Human beings are the deadliest form of life on Earth=LOL

HerrProfessorDoktor
2004-Dec-18, 05:05 AM
That a conventional firearm would/wouldn't fire in a vacuum. Usually, they side with "would," and this should be correct. The cartridges are sealed pretty tightly, and I don't think air pressure would be enough to pop the bullet out on its on. Plus, there is already an oxidizer mixed with the gunpowder. I'm always stuck with a scene from Space:1999 where someone uses a revolver on the moon. Should work fine, though I was suspicious when I saw it as a kid.

However, an automatic weapon should only get off one shot. It uses a mechanism to load the chamber initially, but relies on pressure from hot gasses to initiate blowback of the slide, which loads the next round. Unless someone can figure out if the gas venting in a vacuum would still provide sufficient force to move the slide?

And I'm not sure about shotguns, which have a paper or plastic seal on the business end of the cartridge. Seems like this could pop open in a vacuum.

(And since I dabble in fiction, I would be really interested if someone has an answer.)

skwirlinator
2004-Dec-18, 08:07 AM
Clones having baseline memories and tendancies, references and opinions
or even looking alike.
Clone emerge full-grown

darkhunter
2004-Dec-18, 09:49 AM
That a conventional firearm would/wouldn't fire in a vacuum. Usually, they side with "would," and this should be correct. The cartridges are sealed pretty tightly, and I don't think air pressure would be enough to pop the bullet out on its on. Plus, there is already an oxidizer mixed with the gunpowder. I'm always stuck with a scene from Space:1999 where someone uses a revolver on the moon. Should work fine, though I was suspicious when I saw it as a kid.

However, an automatic weapon should only get off one shot. It uses a mechanism to load the chamber initially, but relies on pressure from hot gasses to initiate blowback of the slide, which loads the next round. Unless someone can figure out if the gas venting in a vacuum would still provide sufficient force to move the slide?

And I'm not sure about shotguns, which have a paper or plastic seal on the business end of the cartridge. Seems like this could pop open in a vacuum.

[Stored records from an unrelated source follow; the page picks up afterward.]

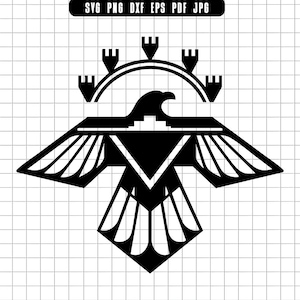 Puede incluir: Gráfico negro de un águila estilizada con las alas extendidas, un halo en forma de sol y un diseño geométrico. La imagen está sobre un fondo de cuadrícula e incluye indicadores de tipo de archivo: SVG, PNG, DXF, EPS, PDF y JPG.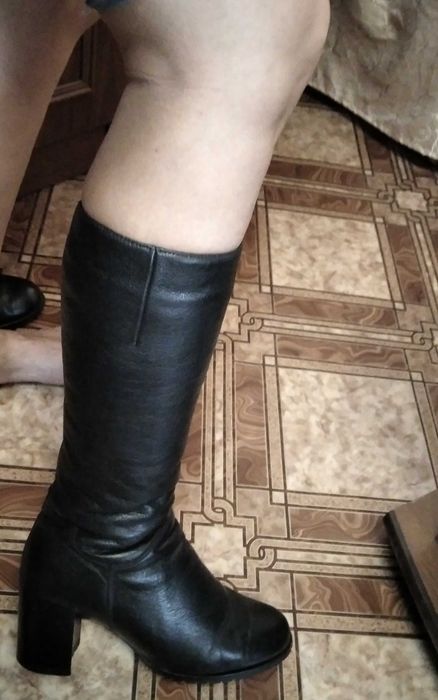 Продам жіночі зимові чоботи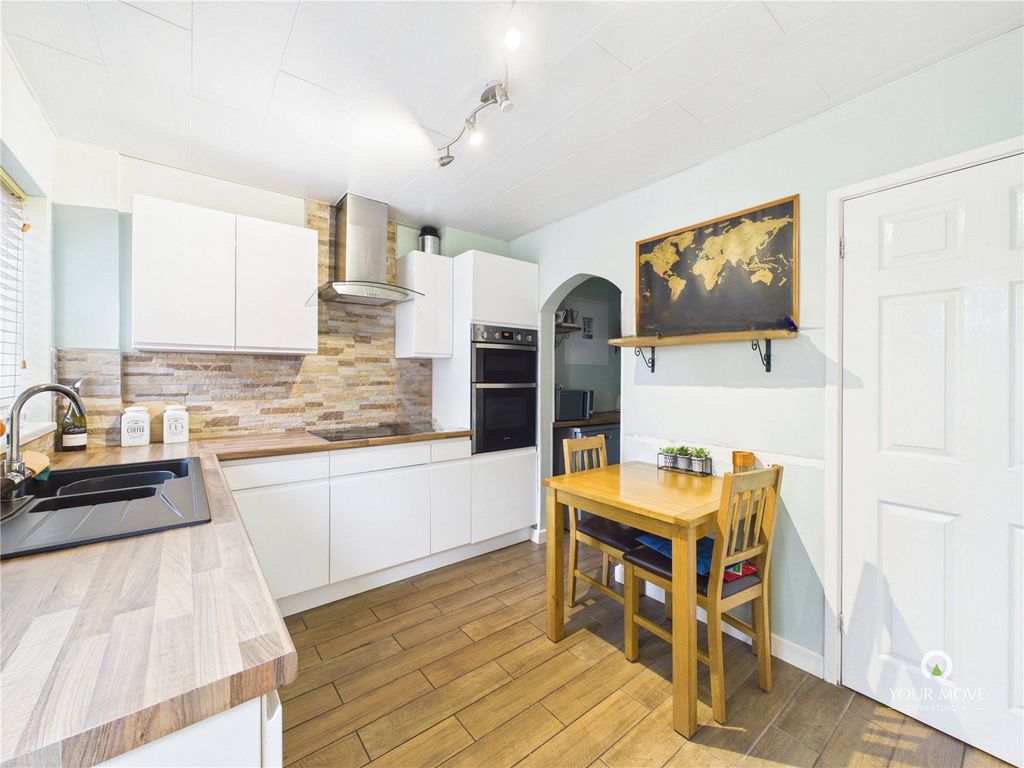 Property photo 3 of 14 Picture No. 06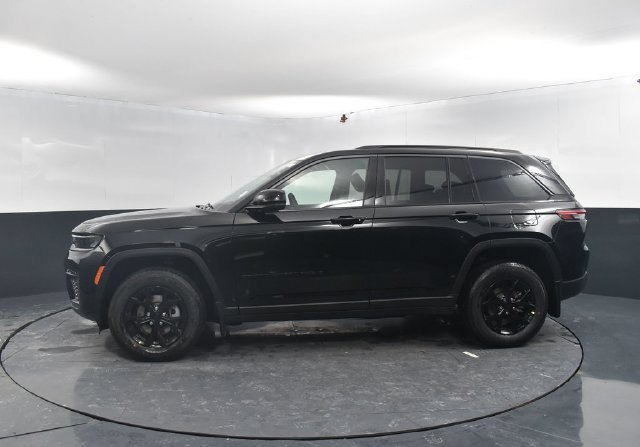 New 2026 Jeep Grand Cherokee Altitude AWD/4WD image 4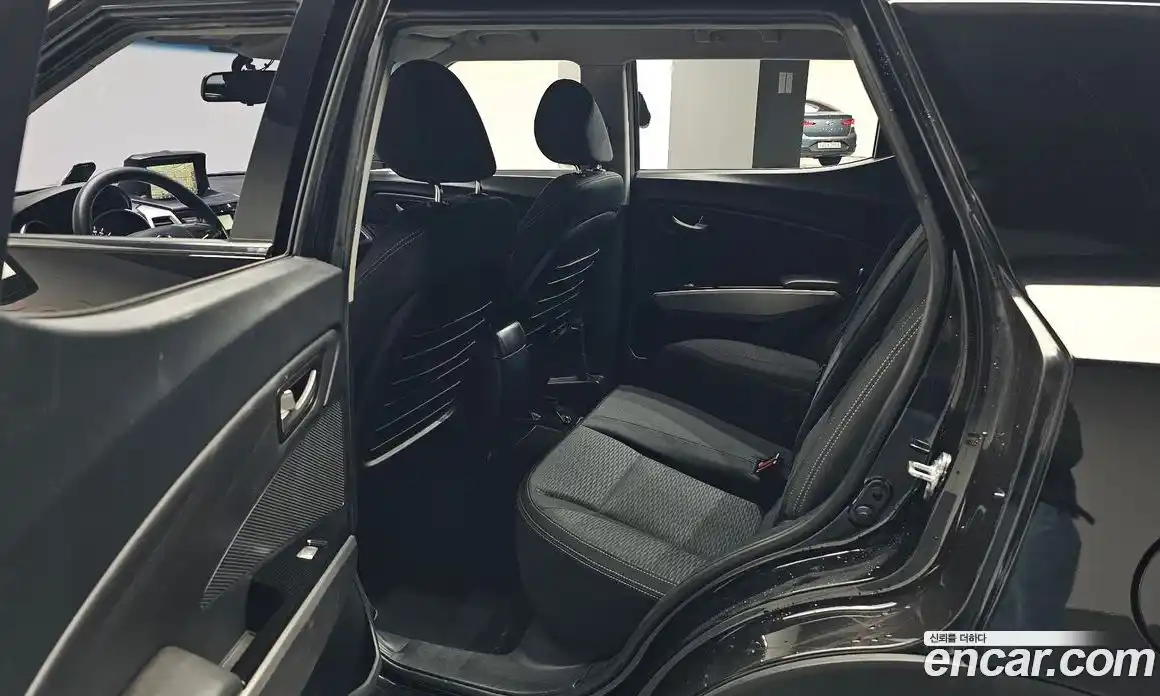 SsangYong TIBOLI 2015 1.6 Автомат в Москве № 1246059, фото 12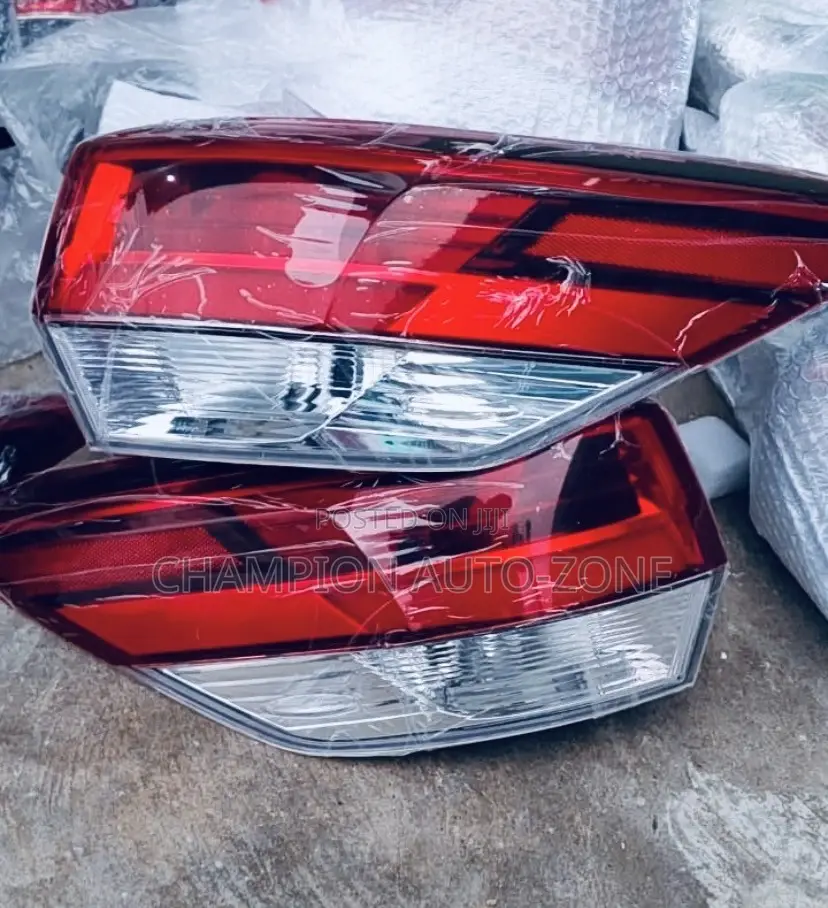 Toyota Highlander 2017-2018-2019 Original Tail Light Pair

(And since I dabble in fiction, I would be really interested if someone has an answer.)

barring efffects such as vaccum welding of the moving parts, an automatic should work in space--the hot gasses are drawn from inside the weopons barrel/breach (depending on the design)...

A Thousand Pardons
2004-Dec-18, 12:16 PM
And I'm not sure about shotguns, which have a paper or plastic seal on the business end of the cartridge. Seems like this could pop open in a vacuum.

I agree with darkhunter (and I guess he should know). And the shotgun cartridge aren't completely airtight, for the most part.